= Goal of the exercise =
Return the full listing unchanged, apart from leaving out its images.

*** Recorded data

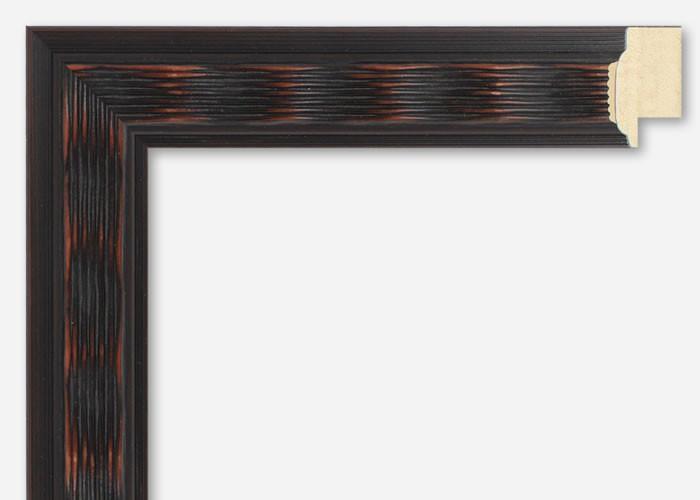 Custom Frame CFCYH6305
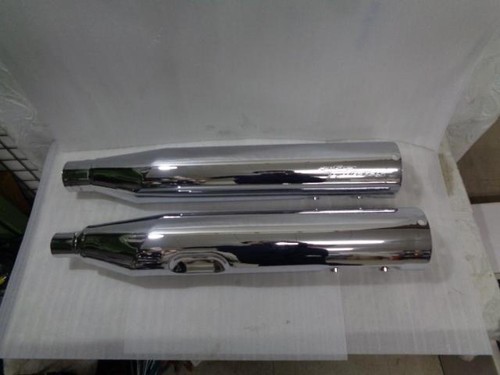 Screamin eagle auspuff - eagle,
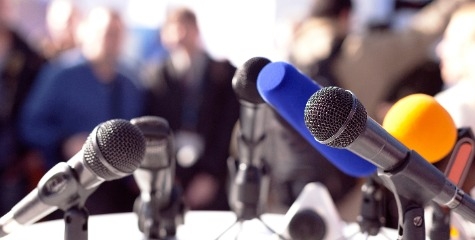 Registration of entities carrying out media activities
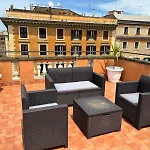 Rooftop St. Peter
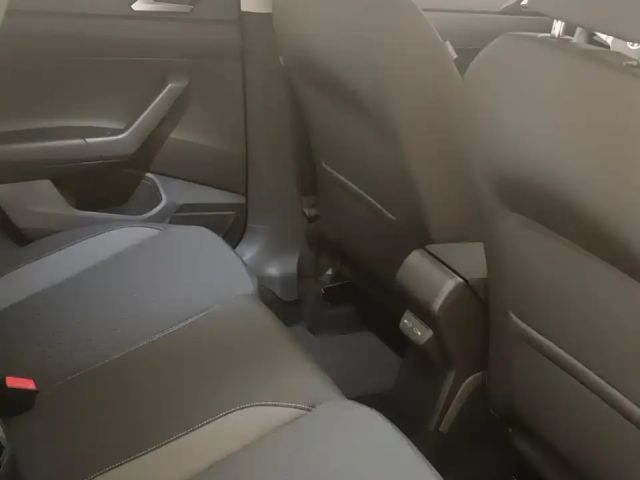 Volkswagen Taigo DSG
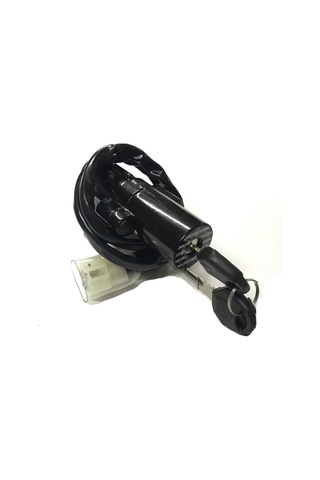 Motospartan Kontak Tek Yamaha Yzf-r25 1wd-h2501-02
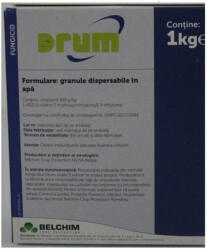 BELCHIM Fungicid Drum 1kg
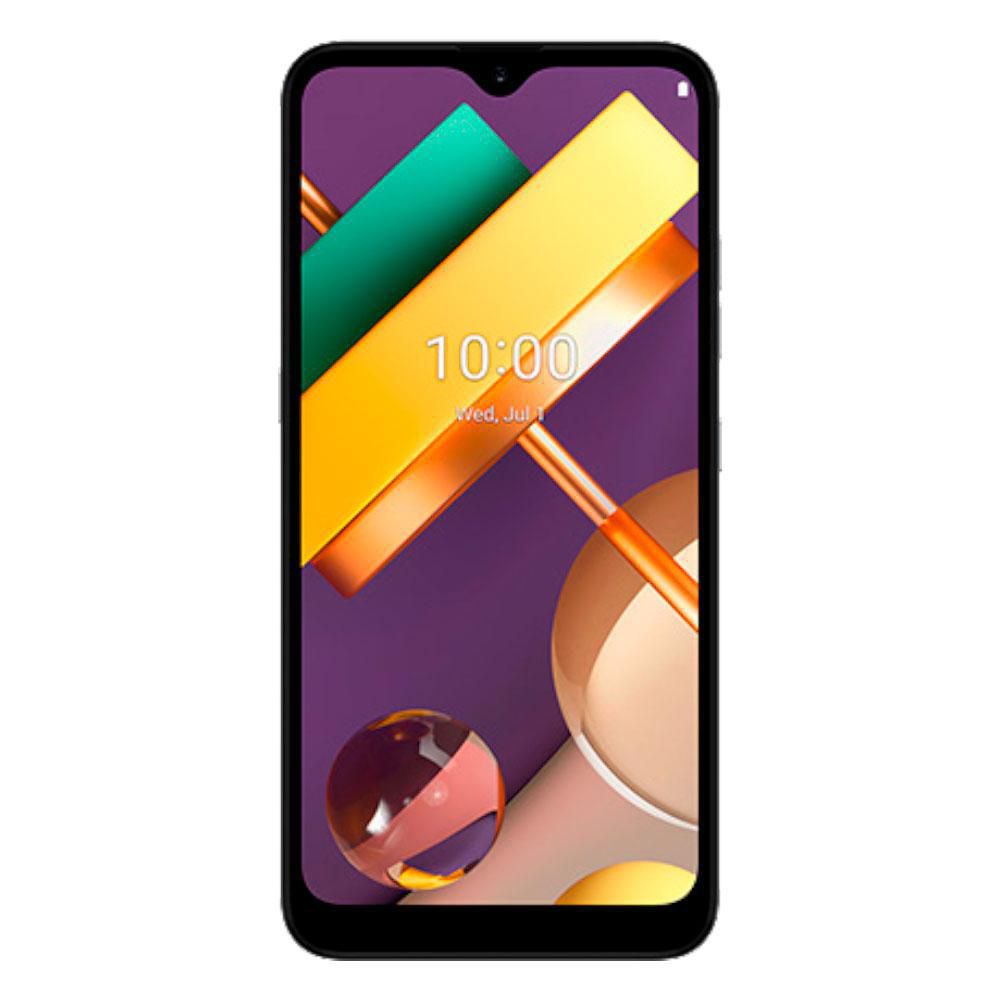 Celular LG K22 64 GB 3 GB RAM Gris img #1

******

= Output below =
 Custom Frame CFCYH6305
 Screamin eagle auspuff - eagle,
 Registration of entities carrying out media activities
 Rooftop St. Peter
 Volkswagen Taigo DSG
 Motospartan Kontak Tek Yamaha Yzf-r25 1wd-h2501-02
 BELCHIM Fungicid Drum 1kg
 Celular LG K22 64 GB 3 GB RAM Gris img #1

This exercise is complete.